Правда в том, что мы все «-логи» и «-исты», и все, что мы знаем – это «-измы», а еще с пребендарием ничего не происходит без причины. Но я внезапно понимаю, что мне невыносима мысль о том, как пребендарий – старая/молодая, мудрая/наивная, невинная и ученая – погибнет у меня на глазах. Беспомощно стою возле аптечки, зная, что ее содержимое с этим не справится, и вижу, как боль достигает пика, переваливает через него и, выдав пару афтершоков, проходит. Шодмер улыбается, и мы снова готовы краситься и наряжаться.

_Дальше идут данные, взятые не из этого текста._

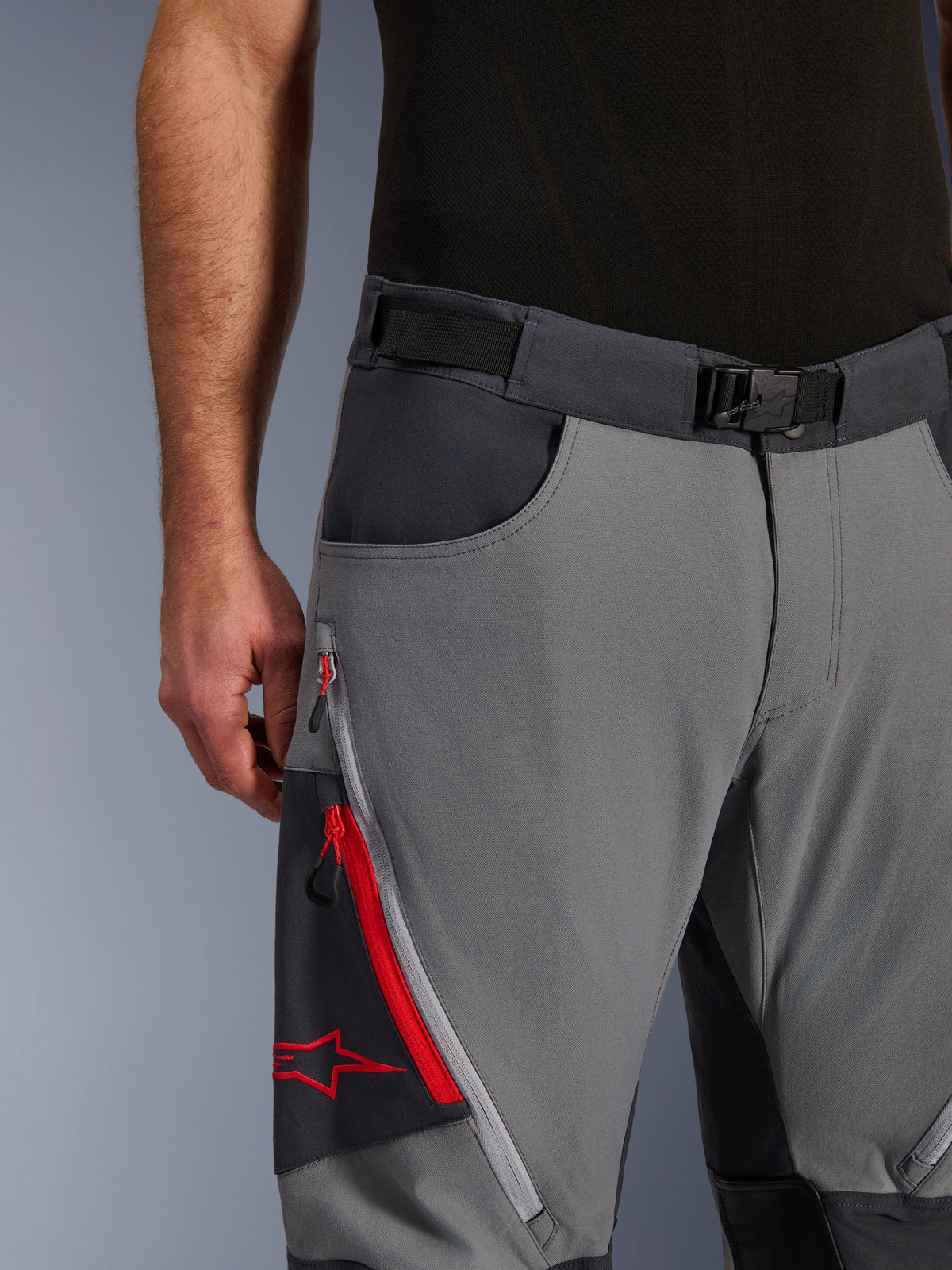 Alpinestars Maxdura Dual Pants, adventure-motorcykelbyxor, mörkgrå och djupgrå, närbild som visar justerbart midjebälte med magnetspänne, benficka med dragkedja med röda detaljer och Alpinestars-logotyp.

Вечеринка скучная, довольно маленькая. У большинства постоянных сотрудников есть дети, как и у некоторых специалистов и младших дипломатов. Все разоделись в пух и прах, выглядят так, словно хотели бы оказаться где угодно и заниматься чем угодно, только не стоять рядком под фонарями из слоновой кости в Летнем зале, пока пребендарий марширует мимо, будто генерал на смотре. Три фракции – местные, гости-дипломаты и пребендарий – проводят первые пятнадцать минут, подозрительно поглядывая друг на друга. Послы суетятся, как неженатые дяди и тети, чувствуя ответственность за веселье, но не зная, как его создать. Музыкальный автомат играет хиты; они отражаются эхом от резных балок у высокого потолка и превращаются в надоедливый звон в ушах. Интересно, ненавидит ли Шодмер происходящее так же сильно, как я? Выскальзываю из круга заботливых взрослых, наблюдающих за напряженными попытками развлечься: мне нужен столик с напитками покрепче. Та-Гаххад уже расположились в непосредственной близости от него.

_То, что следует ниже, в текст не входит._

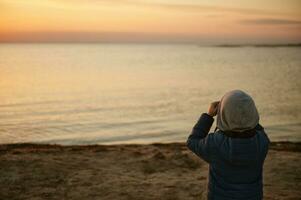 curioso pequeño chico mirando a el hermosa costero naturaleza a el puesta de sol mediante el binocular foto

Первая порция аквавита идет плавно. За нею следует вторая.
Кларриг смотрит на меня.
– Я думал, ты на боевом дежурстве.
Пропускаю его слова мимо ушей. От первого стаканчика спиртного внутри меня разгорается яркий свет, и я чувствую, я вижу. Я за рулем. Черный пластик пахнет весенним солнцем. Кресло подстраивается под мое тело. Брелок с крестом Дорти, приносящим удачу, громко стучит о рулевую колонку, двигатель с урчанием оживает. Срабатывает трансмиссия, и автомобиль пускается в путь по булыжной мостовой.
Пребендарий играет в «припыленные колокольчики»[249]. Доброжелательные дипломаты стоят вокруг, хлопают в ладоши и подбадривают ее, пока она шныряет то в круг детей, держащихся за руки, то из круга. Дети выглядят раздосадованными. Шодмер сияет. Инопланетянка.
Она на голову, а то и на две ниже мальчика из Будайнта, но тот выбывает из круга и становится позади посланницы.